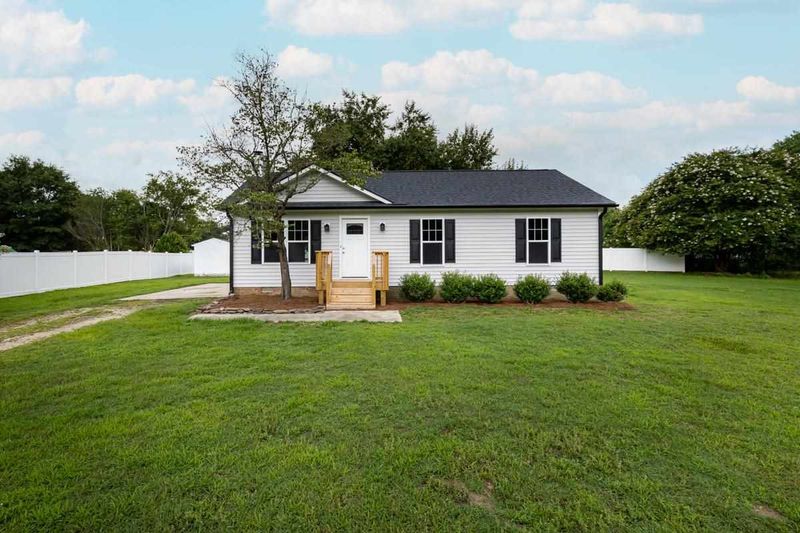 13117 Callens Ln, Willow Springs, NC 27592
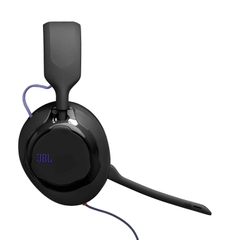 Tai nghe chụp tai JBL Quantum 120 - Hàng Chính Hãng PGI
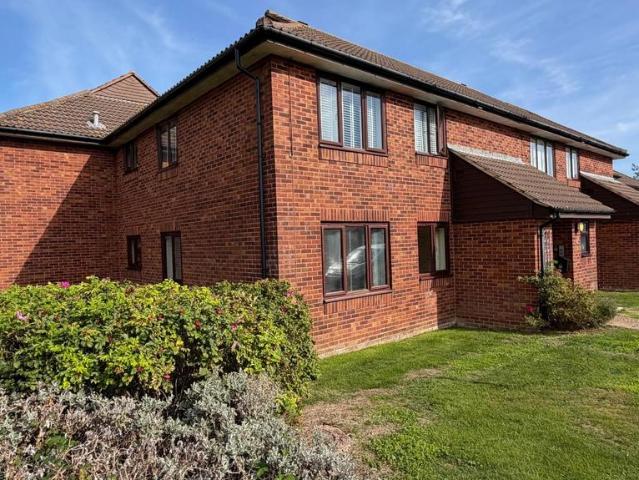 2 bedroom retirement property for sale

★ ★ ★ ★ ★

### Work order
Extract the full listing exactly, with the pictures left out.

### Result of this exercise
 13117 Callens Ln, Willow Springs, NC 27592
 Tai nghe chụp tai JBL Quantum 120 - Hàng Chính Hãng PGI
 2 bedroom retirement property for sale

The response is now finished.